NAPAP – Position du SNPS
“Le SNPS défend depuis des années un dialogue social sérieux, loyal et approfondi. Nous négocions, dialoguons et assumons nos responsabilités. Mais le dialogue social ne peut exister que lorsque les accords sont respectés.
Ce qui se passe aujourd’hui concernant la NAPAP est exactement le contraire.
Le 11 mars, la police fédérale a été saluée lors de la présentation du rapport annuel 2025 par les responsables politiques. On a parlé de professionnalisme, d’engagement et de dévouement. Mais presque en même temps, dans le cadre du programme gouvernemental, une modification de la NAPAP, pourtant prévue par l’Arrêté Royal de 2015, est inscrite à l’ordre du jour du comité de négociation du 25 mars 2026.
Soyons clairs : ce n’est ni un détail ni une modification technique.
C’est la remise en cause d’un accord fondamental sur lequel des milliers de policiers ont construit leur carrière et leur avenir. Toucher la NAPAP aujourd’hui, c’est changer les règles du jeu après coup pour des personnes qui accomplissent leur devoir depuis des décennies.
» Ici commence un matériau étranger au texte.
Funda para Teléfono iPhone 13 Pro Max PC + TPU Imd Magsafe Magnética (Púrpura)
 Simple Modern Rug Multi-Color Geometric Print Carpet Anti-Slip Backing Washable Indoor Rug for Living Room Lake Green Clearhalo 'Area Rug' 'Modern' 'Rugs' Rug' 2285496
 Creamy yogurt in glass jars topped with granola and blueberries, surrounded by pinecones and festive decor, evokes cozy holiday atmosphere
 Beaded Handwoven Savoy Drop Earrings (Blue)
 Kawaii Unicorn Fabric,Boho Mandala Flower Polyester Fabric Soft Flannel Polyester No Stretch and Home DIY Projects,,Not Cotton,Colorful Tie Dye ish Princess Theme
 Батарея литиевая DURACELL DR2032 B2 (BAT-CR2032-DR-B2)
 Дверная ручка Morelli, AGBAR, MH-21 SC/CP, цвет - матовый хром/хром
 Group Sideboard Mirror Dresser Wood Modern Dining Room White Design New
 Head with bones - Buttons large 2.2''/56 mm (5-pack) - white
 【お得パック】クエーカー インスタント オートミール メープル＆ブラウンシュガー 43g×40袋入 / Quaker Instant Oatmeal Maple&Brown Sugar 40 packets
Pour le SNPS, ce n’est rien de moins qu’une trahison envers le personnel de la police intégrée.
Mais le problème est encore plus grave. En agissant ainsi, le gouvernement sape le dialogue social lui-même. On ne peut pas, d’une part, parler de confiance, de partenariat et de respect des partenaires sociaux et, d’autre part, remettre en cause un accord légal comme si les engagements pris n’avaient aucune valeur.
Ce n’est pas seulement un coup dur pour des milliers de policiers.
C’est une atteinte structurelle à la relation entre le gouvernement et les syndicats.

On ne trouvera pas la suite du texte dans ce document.